TASK REQUIREMENTS → Across the data below, how many lines have the word "Sleeve" in them? Give the number and nothing else.
━━ DATA EXTRACTS ━━
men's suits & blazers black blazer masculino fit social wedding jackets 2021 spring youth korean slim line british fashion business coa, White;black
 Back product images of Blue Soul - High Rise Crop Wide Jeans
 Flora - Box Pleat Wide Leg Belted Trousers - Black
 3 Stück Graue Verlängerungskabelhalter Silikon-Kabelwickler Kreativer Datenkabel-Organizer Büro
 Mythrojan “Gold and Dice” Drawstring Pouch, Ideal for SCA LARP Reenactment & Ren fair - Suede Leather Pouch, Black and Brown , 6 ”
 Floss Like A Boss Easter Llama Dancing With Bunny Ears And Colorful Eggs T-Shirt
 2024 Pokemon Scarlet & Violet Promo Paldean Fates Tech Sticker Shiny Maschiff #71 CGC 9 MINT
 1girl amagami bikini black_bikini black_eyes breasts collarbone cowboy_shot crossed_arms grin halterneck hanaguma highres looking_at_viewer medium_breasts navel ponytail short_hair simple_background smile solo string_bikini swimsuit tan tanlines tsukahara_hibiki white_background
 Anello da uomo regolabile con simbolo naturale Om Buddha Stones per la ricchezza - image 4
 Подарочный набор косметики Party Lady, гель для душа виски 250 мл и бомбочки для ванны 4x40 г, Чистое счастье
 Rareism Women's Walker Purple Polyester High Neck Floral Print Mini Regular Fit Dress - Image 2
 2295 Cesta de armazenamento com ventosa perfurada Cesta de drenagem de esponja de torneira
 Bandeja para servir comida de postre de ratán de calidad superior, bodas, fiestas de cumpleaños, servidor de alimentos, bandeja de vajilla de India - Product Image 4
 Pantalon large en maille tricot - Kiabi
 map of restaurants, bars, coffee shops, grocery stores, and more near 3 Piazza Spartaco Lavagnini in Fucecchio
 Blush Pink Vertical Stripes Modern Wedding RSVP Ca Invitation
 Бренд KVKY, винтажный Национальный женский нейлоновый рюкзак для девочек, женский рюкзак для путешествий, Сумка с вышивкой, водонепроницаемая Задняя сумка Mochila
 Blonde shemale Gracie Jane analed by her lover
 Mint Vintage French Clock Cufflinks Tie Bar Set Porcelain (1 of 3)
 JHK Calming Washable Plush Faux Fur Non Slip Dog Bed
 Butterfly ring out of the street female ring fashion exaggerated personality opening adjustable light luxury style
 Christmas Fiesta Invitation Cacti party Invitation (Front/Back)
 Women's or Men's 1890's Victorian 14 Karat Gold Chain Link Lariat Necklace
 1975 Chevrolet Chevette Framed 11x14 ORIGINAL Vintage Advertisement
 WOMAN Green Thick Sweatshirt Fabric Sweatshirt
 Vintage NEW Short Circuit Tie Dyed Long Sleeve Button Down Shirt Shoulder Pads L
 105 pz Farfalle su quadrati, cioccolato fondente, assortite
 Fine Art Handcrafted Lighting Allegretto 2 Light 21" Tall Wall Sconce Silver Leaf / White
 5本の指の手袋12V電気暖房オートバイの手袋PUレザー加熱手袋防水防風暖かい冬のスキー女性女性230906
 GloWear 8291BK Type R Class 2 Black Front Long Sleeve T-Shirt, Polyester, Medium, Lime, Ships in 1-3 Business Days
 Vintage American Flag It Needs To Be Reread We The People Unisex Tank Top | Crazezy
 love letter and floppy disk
━━━
TASK OUTPUT → 2